» Directions for this task
The response should repeat word for word every line below from the one with "cbmIHI's tweet image." to the one with "Load image into", inclusive, and nothing else; leave pictures out.

» Information
════

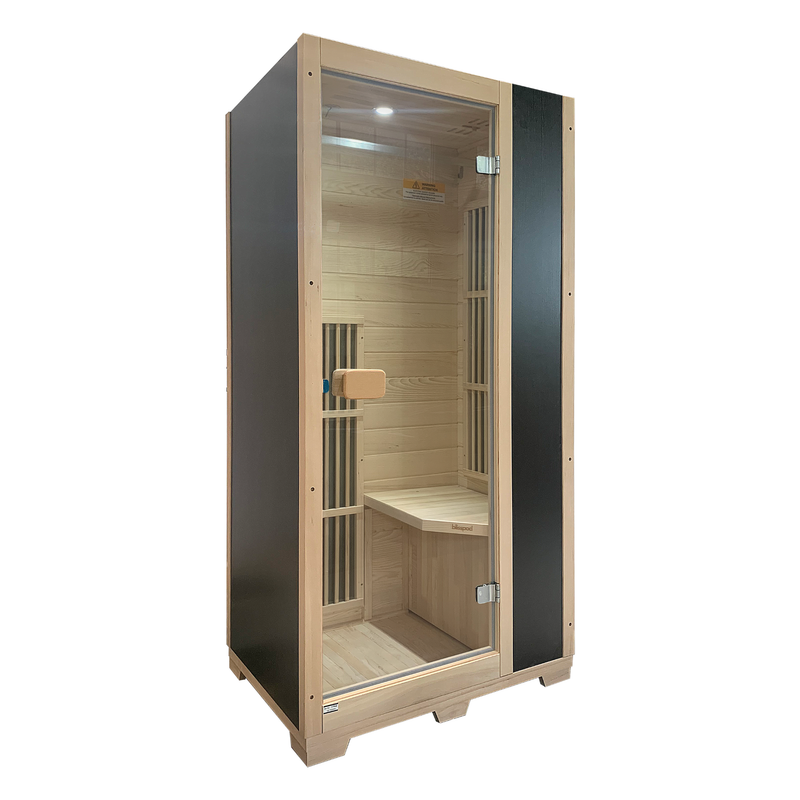 Blisspod Vienna Series far infrared 1 person Sauna | 72.8"H x 35.4"W x 25.6"D | — side view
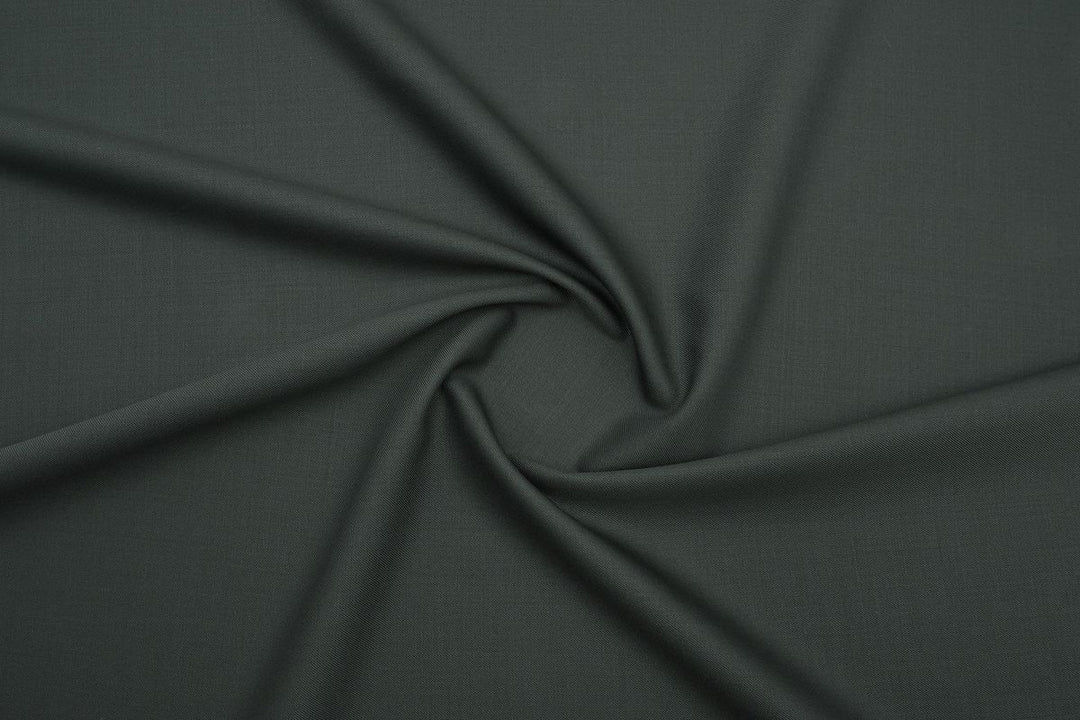 Bottle Green Solid/Plain Merino Wool Suit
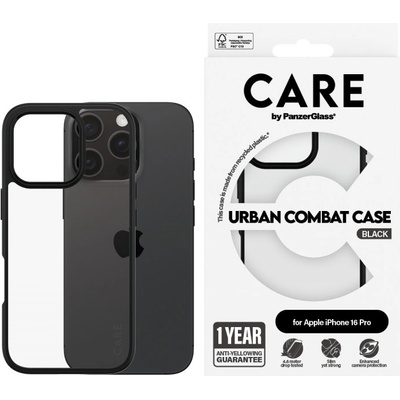 Panzer Калъф CARE - Urban Combat Black Frame, iPhone 16 Pro, черен/прозрачен (5715685004285)
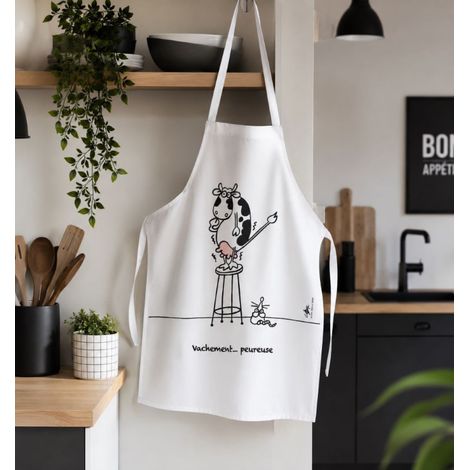 Tablier de cuisine humoristique « Vachement... peureuse » en coton – Blanc - Blanc (1/2)
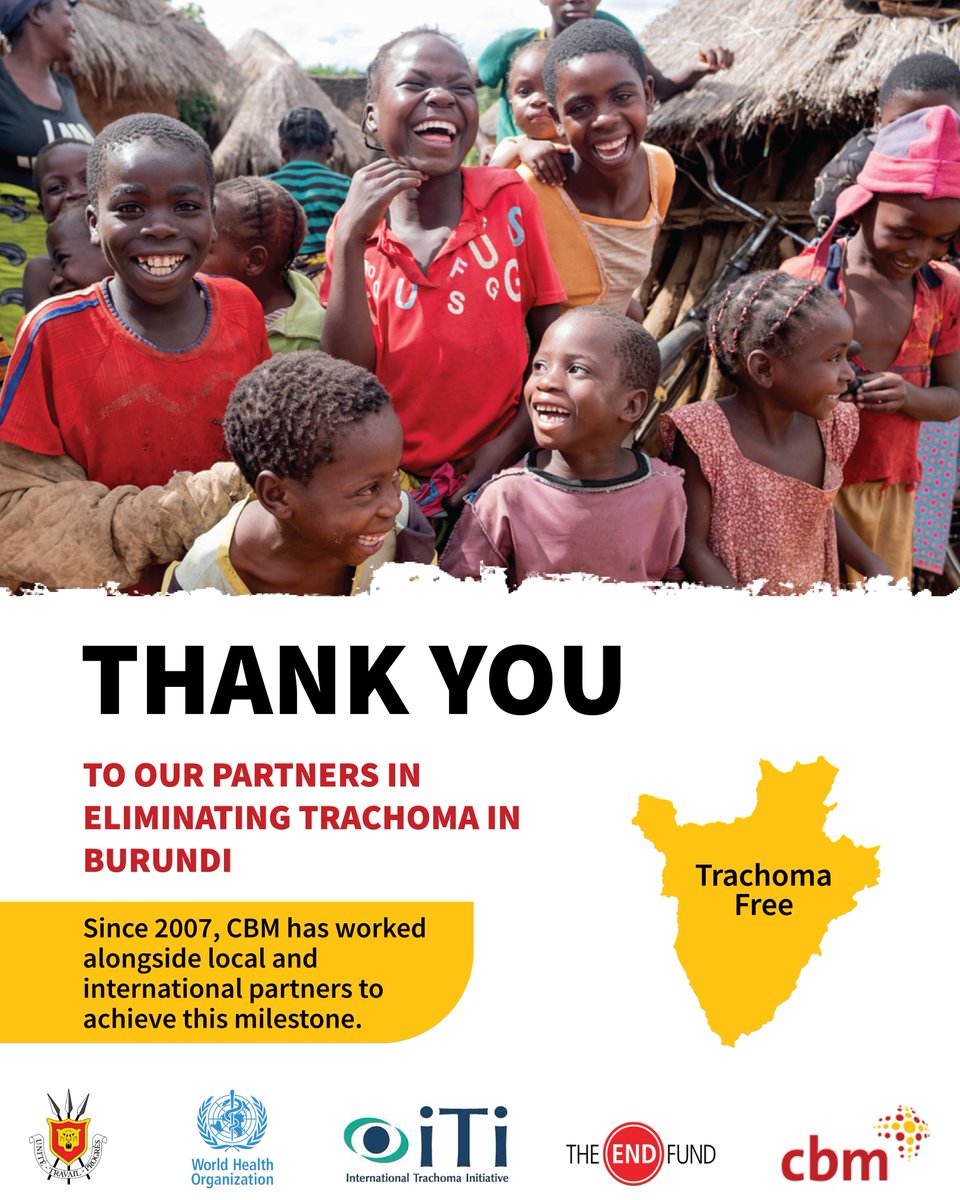 cbmIHI's tweet image. 🎉 Thank you to partners
@mspls_bdi, @WHO , @ITIatlanta & @TheENDFund
With your support, Burundi 🇧🇮 has officially eliminated #trachoma as a public health problem.
We deeply appreciate your commitment and partnership in the fight against #NTDs.
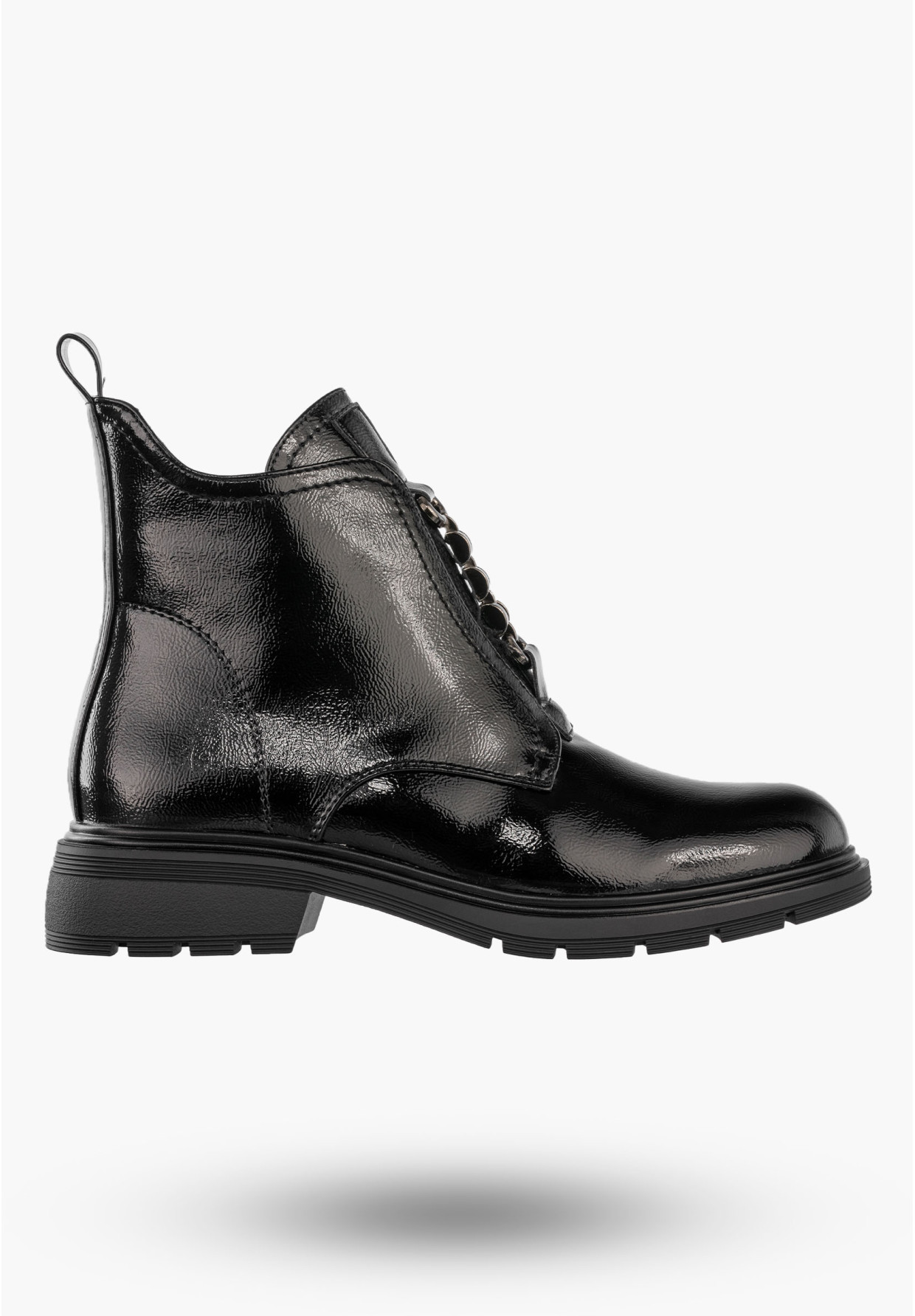 Botki Damskie Ekoskóra Buty Stylowe Ocieplane Na Zimę Czarne Jezzi RMR2501-8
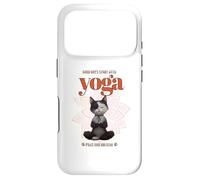 Carcasa para iPhone 17 Pro Cute Cat Yoga Spiritual Meditation Zen Balance Namaste OM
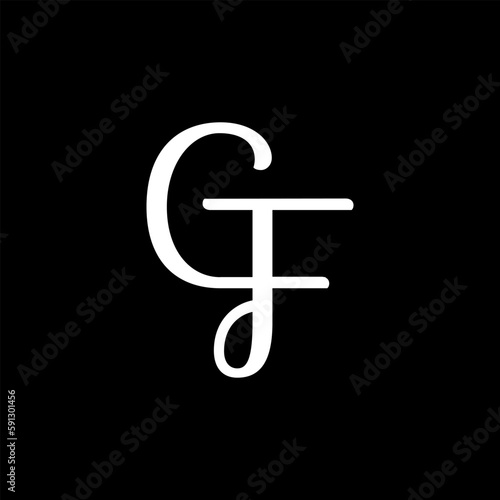initial letter gf vector logo design
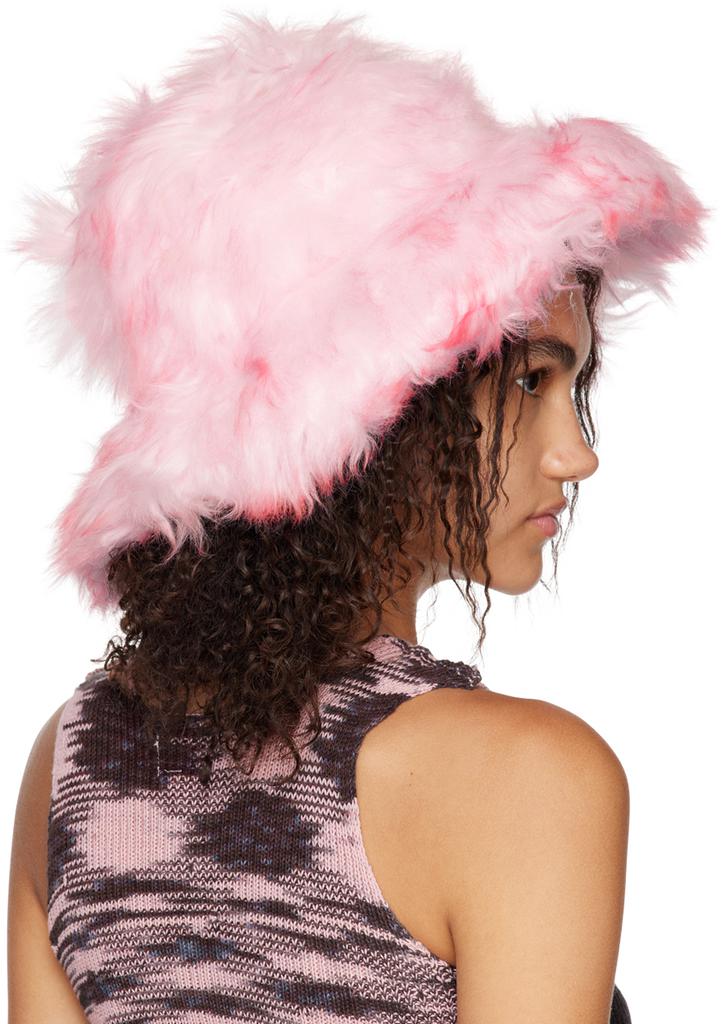 Pink Wera Oversized Faux-Fur Bucket Hat商品第3张图片规格展示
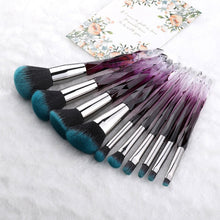 Load image into Gallery viewer, FLD 10Pcs Professional Makeup Brush Set Cosmetic Blush Powder Foundation Brush Eye Shadow Lip Eyebrow Diamond Makeup Brushes Kit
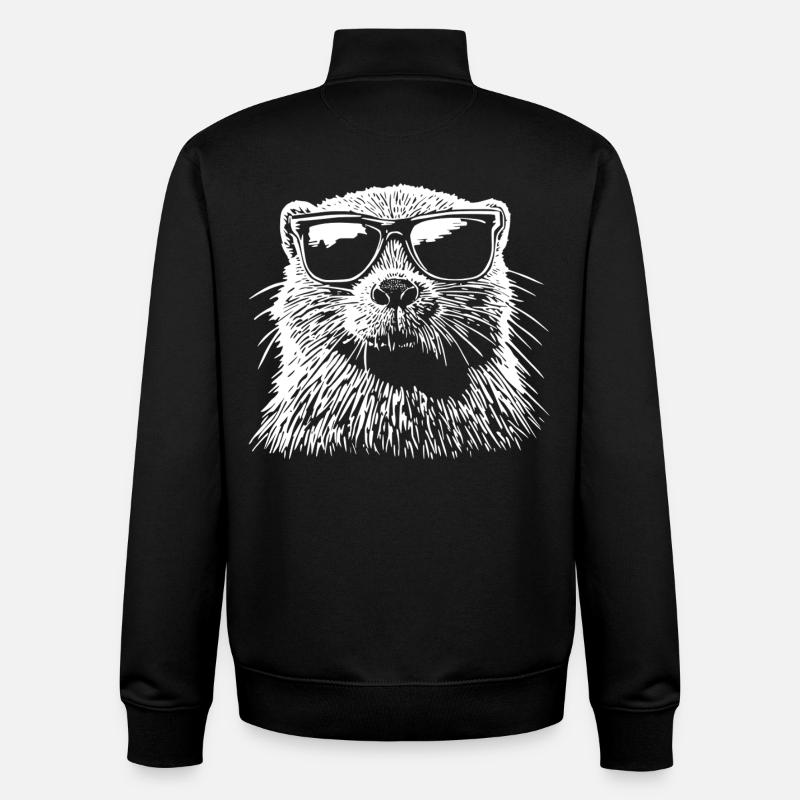 Lunettes de soleil Cool Beaver - Sweat zippé unisexe en coton bio Stanley/Stella - noir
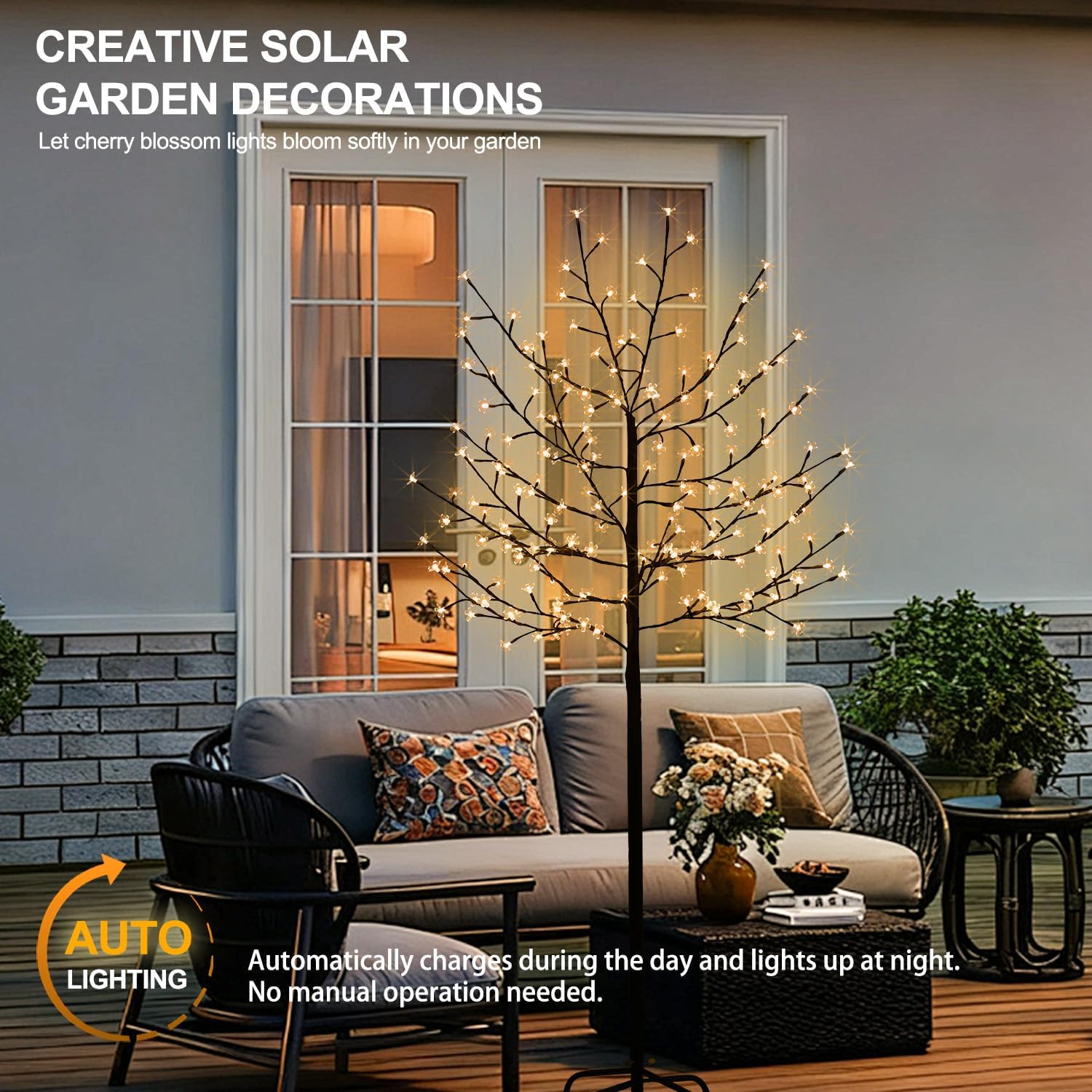 Solar Lighted Cherry Blossom Tree, 6 Feet 200LED Light Up Artificial Cherry Tree with Detachable Crystal Flower for Outdoor Porch Home Wedding Holiday Decoration (Warm White)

════

» Output of the exercise
 cbmIHI's tweet image. 🎉 Thank you to partners
@mspls_bdi, @WHO , @ITIatlanta & @TheENDFund
With your support, Burundi 🇧🇮 has officially eliminated #trachoma as a public health problem.
We deeply appreciate your commitment and partnership in the fight against #NTDs.
 Botki Damskie Ekoskóra Buty Stylowe Ocieplane Na Zimę Czarne Jezzi RMR2501-8
 Carcasa para iPhone 17 Pro Cute Cat Yoga Spiritual Meditation Zen Balance Namaste OM
initial letter gf vector logo design
 Pink Wera Oversized Faux-Fur Bucket Hat商品第3张图片规格展示
 Load image into Gallery viewer, FLD 10Pcs Professional Makeup Brush Set Cosmetic Blush Powder Foundation Brush Eye Shadow Lip Eyebrow Diamond Makeup Brushes Kit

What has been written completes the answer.